In the material below, write out each line word for word and omit the pictures.

→ Data provided
- - -

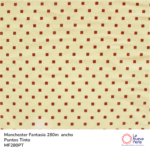 Tela Manchester 150 hilos 280 cm 50% algodón 50% Poliéster Punto Tinto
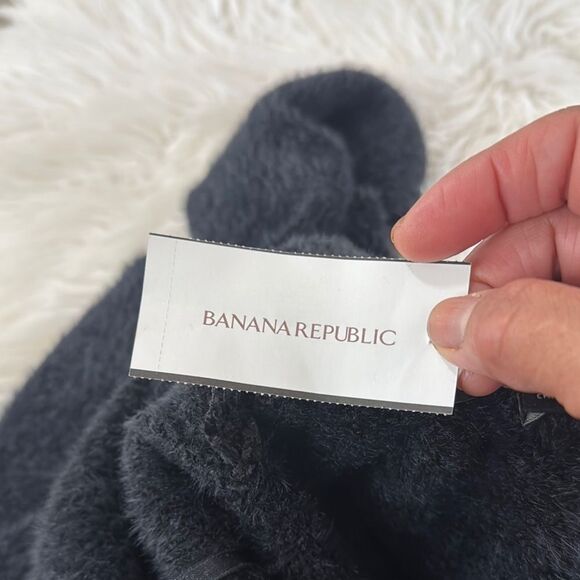 Banana Republic Factory Black Long Sleeve Cozy Design Dress NWT - Picture 7 of 9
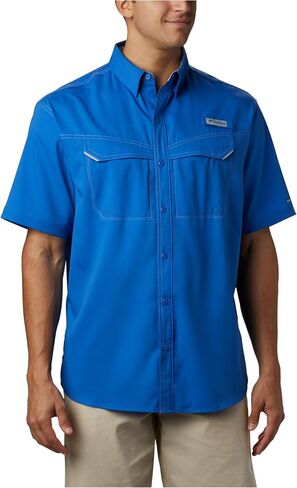 Columbia Men's Low Drag Offshore Short Sleeve Shirt, Ocean Blue, Medium in Saudi Arabia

- - -

→ Exercise output
 Tela Manchester 150 hilos 280 cm 50% algodón 50% Poliéster Punto Tinto
 Banana Republic Factory Black Long Sleeve Cozy Design Dress NWT - Picture 7 of 9
 Columbia Men's Low Drag Offshore Short Sleeve Shirt, Ocean Blue, Medium in Saudi Arabia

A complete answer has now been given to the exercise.